= Little Ouse Headwaters Project =

Conservation project in east England

The Little Ouse Headwaters Project (LOHP) was set up in 2002 by local residents to promote conservation and enjoyment of the fenland habitats bordering the upper reaches of the River Little Ouse, which lies on the Norfolk-Suffolk border. The site lies between Blo' Norton in Norfolk and Thelnetham in Suffolk. It includes a number of areas including Hinderclay Fen, Blo' Norton Fen, Betty's Fen, The Frith, Blo' Norton Lowes, Blo' Norton Little Fen and Parker's Piece. The area also include parts of the Blo' Norton and Thelnetham Fen Site of Special Scientific Interest (SSSI).

The project is a registered charity and holds monthly work parties to manage the habitat of the various fens. The Little Ouse Headwaters Project won the CIWEM/RSPB Living Wetlands Award in 2006.

Both the River Waveney and the River Little Ouse have their sources at Redgrave Fen.

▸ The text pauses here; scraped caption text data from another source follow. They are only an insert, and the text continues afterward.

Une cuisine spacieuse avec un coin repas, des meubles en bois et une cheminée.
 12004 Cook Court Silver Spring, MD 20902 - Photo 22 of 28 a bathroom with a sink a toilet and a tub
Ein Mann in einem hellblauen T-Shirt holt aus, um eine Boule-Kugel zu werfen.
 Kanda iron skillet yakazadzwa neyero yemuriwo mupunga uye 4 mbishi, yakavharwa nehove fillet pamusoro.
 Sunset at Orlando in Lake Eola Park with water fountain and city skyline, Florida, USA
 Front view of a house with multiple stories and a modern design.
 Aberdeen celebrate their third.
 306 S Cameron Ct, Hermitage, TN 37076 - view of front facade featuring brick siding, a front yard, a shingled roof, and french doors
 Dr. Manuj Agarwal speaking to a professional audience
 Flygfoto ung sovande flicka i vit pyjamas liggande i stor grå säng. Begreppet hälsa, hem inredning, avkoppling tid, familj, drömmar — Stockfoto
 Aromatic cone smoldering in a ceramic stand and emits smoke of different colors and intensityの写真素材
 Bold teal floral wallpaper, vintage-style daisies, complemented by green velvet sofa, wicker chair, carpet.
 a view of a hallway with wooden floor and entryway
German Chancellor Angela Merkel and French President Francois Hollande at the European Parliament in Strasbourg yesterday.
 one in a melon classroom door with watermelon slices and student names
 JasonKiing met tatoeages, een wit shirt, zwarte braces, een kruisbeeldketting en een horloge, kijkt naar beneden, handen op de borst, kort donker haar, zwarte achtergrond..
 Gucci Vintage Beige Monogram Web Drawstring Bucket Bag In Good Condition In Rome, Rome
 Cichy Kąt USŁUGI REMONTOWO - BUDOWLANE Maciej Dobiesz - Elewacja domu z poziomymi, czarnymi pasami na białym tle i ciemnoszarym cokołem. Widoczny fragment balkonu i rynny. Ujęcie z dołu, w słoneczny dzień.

The Waveney runs eastwards - forming the border between Norfolk and Suffolk - while the Little Ouse flows westwards and eventually joins the River Great Ouse at Denver Sluice.

==The Project==
The LOHP has won awards for its work as a conservation organisation. These include the prestigious Living Wetlands award, and Suffolk's 'greenest county' award for community action.

==History==
After the Second World War the course of the River Little Ouse was over-deepened which led to the drying-out of the surrounding fen and the conversion of much of the land to arable use. The ending of traditional management practices and the lowering of the water table also led to increased dehydration which caused a decline in the bio-diversity of the area. The work carried out by the Little Ouse Headwaters Project has helped to reverse these effects.